Anglo American Sells Stake in Russian Projects to Eurasia Mining

Precious Metals

Eurasia Mining said Friday that it has entered into an agreement to buy Anglo American Platinum out of a joint venture project in Russia.

On the heels of reports that Anglo American Platinum (LSE:AAL) may sell its mining operations in South Africa, Eurasia Mining (LSE:EUA) announced Friday that it has entered into an agreement to buy the miner out of a joint venture project in Russia. The acquisition will give Eurasia Mining a 100-percent interest in the joint venture company Urals Alluvial Platinum and, by extension, that company’s Russian projects.

According to a press release from Eurasia, the company already owns a 50-percent interest in Urals Alluvial. It has entered into an agreement whereby its 100-percent-owned subsidiary, Eurasia Investments, will buy the remaining 50-percent stake in Urals Alluvial from Anglo American’s indirectly owned subsidiary, Rustenburg Platinum Mines (Cyprus). A further announcement will follow when the acquisition is completed.

As Reuters reported, Urals Alluvial owns several Russian PGM projects, including a license area at West Kytlim that “contains near to production-ready state approved platinum reserves.” There is also the Monchetundra project, where, according to Eurasia’s press release, base metals mineralization has been discovered and “some very high-grade PGM assays” have been returned.

Explaining why it wanted the deal, Eurasia gives some background regarding its joint venture with Anglo American. The companies entered into the agreement back in 2003, establishing Urals Alluvial as the operating company. Various exploration projects were carried out in Russia, but in 2009, Anglo American started to narrow its focus on South Africa. That year, Rustenburg Platinum Mines (Cyprus) “exercised its rights under the JVA to suspend contributions” to Urals Alluvial; Eurasia has been solely funding exploration work ever since. As such, the two companies entered into an agreement this week for Rustenburg Platinum Mines (Cyprus) and Anglo American to sell their interest in the projects.

Dr Michael Martineau, chairman of Eurasia, said, “[w]e are very grateful for the encouragement and support that the Anglo American Platinum group has provided over the years of exploration, resource definition and license negotiation.” However, he also pointed out the favorable position that the acquisition will put Eurasia in, stating, “[t]he doubling of Eurasia’s equity interest in UAP also provides greater flexibility to bring in new partners or to restructure the holdings for improved efficiency of future operations, should the Company wish to do so.”

That explains why Eurasia wanted to secure the project, but what does it mean for Anglo American? To be sure, the move falls in line with recent indications that that Amplats is looking to sell its costly Rustenburg operations in South Africa. In an interview with Business Day Live from April 14, Anglo American’s CEO, Mark Cutifani, said, “[t]he Rustenburg resource is not what it used to be … [t]hat’s why I’ve been quite vocal saying we should consider taking a step back from Rustenburg. We should be focusing on the more mechanised operations, which is what I think we do much better.”

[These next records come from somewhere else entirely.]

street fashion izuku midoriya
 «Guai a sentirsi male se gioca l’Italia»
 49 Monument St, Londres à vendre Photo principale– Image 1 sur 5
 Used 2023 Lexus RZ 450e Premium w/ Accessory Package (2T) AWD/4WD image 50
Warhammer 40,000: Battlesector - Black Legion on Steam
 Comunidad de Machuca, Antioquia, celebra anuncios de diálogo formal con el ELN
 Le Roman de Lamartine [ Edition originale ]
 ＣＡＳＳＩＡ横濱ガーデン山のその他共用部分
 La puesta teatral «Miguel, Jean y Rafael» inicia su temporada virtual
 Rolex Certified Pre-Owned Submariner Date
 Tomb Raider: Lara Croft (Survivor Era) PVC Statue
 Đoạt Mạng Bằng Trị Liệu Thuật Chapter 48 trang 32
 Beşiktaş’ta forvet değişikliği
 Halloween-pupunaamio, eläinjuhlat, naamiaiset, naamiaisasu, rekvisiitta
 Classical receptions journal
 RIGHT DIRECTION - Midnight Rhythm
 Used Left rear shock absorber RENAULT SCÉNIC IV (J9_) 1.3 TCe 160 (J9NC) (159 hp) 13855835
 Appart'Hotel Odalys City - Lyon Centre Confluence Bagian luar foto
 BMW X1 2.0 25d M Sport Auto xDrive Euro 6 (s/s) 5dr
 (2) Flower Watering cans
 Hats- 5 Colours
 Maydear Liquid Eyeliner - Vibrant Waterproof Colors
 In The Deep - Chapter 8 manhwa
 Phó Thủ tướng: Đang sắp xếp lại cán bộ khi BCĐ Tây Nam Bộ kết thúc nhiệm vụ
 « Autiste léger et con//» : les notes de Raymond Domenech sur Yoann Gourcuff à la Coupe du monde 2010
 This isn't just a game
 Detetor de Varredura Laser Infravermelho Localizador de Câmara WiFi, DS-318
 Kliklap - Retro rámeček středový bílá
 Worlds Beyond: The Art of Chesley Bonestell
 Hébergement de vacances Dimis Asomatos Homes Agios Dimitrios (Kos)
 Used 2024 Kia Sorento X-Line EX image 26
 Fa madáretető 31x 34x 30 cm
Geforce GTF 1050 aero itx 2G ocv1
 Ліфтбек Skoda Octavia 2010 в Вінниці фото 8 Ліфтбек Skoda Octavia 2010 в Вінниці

That article, and this one from Bloomberg, both note that the miner plans to focus on its lower-cost, open-pit Mogalakwena mine, also in South Africa.

Anglo American is certainly not the only miner shifting its focus and attempting to cut costs, and given the state of the market last year, it is worth it for investors to note when a company is making difficult choices to try to manage itself responsibly. Together with fellow platinum miners Lonmin (LSE:LMI) and Impala Platinum (JSE:IMP), Anglo American has lost millions of dollars worth of PGM production so far this year due to the ongoing strike in South Africa, so any attempt to mitigate these losses could be seen as important.

However, with the large amount of turbulence in South Africa in 2014, a company like Eurasia, which holds projects outside of that country, could also be interesting. Although Russia is also not seen as the most favorable mining jurisdiction due to fears of sanctions in light of tension over Ukraine, it is worth noting that Eurasia expects to begin production next year for several alluvial mining operations that could run for at least nine years.

Eurasia’s managing director, Christian Schaffalitzky, commented, “[w]e believe the added opportunity attained by the Company through the Acquisition on completion will be very significant for shareholders. The timing of this agreement could not be better for Eurasia. We believe our planned platinum production, expected to commence in 2015, is well placed to benefit from the rapidly changing landscape in the PGM business. This can only benefit new low cost mines such as Eurasia’s.”


Securities Disclosure: I, Teresa Matich, hold no investment interest in any companies mentioned in this article.